Chinese courts are controlled by the Communist Party, and they rarely find defendants not guilty. Mr. Schellenberg was tried in March 2016, but the court handed down its verdict and sentence last month. If he is sentenced to death at the retrial, China’s highest court would first review the decision, and Canadian diplomats would almost certainly press for a less-severe punishment.

Between 2009 and 2015, at least 19 foreigners were executed in China for drug trafficking, said John Kamm, chairman of the Dui Hua Foundation, a group based in San Francisco that monitors human rights in China. The court could also endorse a death sentence with a two-year reprieve, which would almost surely be converted to a long prison term, he said.

The Canadian authorities have so far sought to play down any link between the Schellenberg and Huawei cases.

“Global Affairs Canada has been following this case for several years and has been providing consular assistance to the Canadian citizen since they were first detained,” the Canadian Foreign Ministry said in a statement on Friday. It said privacy laws prevented it from giving more information.

But some commentators in Canada, alarmed by the recent arrests, saw a more ominous purpose behind the highly publicized reopening of Mr. Schellenberg’s case.

An article in The National Post, a conservative Canadian newspaper, said Mr. Schellenberg “might now be a pawn in the much bigger legal battle over Canada’s arrest of a Huawei tech company executive.”

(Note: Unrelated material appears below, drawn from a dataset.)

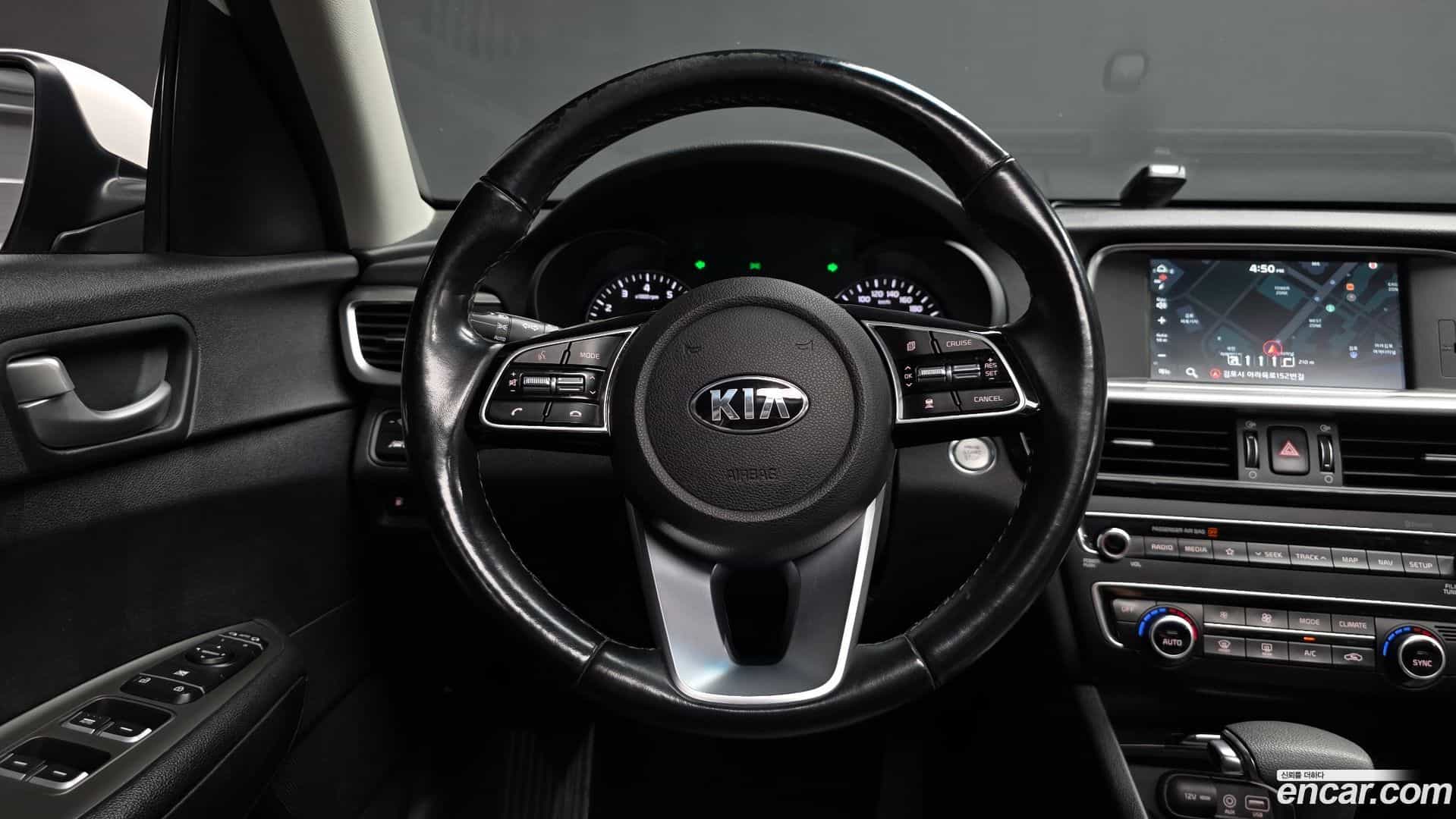 K5 Kia 2019.9-OPTION-017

Michael Byers, a professor of politics and international law at the University of British Columbia, said that while there was no direct connection between Mr. Schellenberg’s initial arrest and the Huawei investigation, the Chinese government could try to link the cases now. Equally, it could show leniency and try to “dial down the temperature” in the current crisis between China and Canada.

“It is conceivable that there could be political involvement,” he said.

Whatever happens to Mr. Schellenberg, the diplomatic strains exposed this month seem likely to persist.

In an interview about Mr. Spavor and Mr. Kovrig this month, David Mulroney, a former Canadian ambassador to Beijing, said the arrests were a warning for Canada and other Western countries engaging with China in the hope that it would evolve into a moderate, law-abiding nation.

“China has not learned to embrace the rule of law and reforms,” he said. “The West needs to hold China more accountable.”

Chris Buckley reported from Beijing, and Dan Bilefsky from Montreal. Zoe Mou contributed research from Beijing.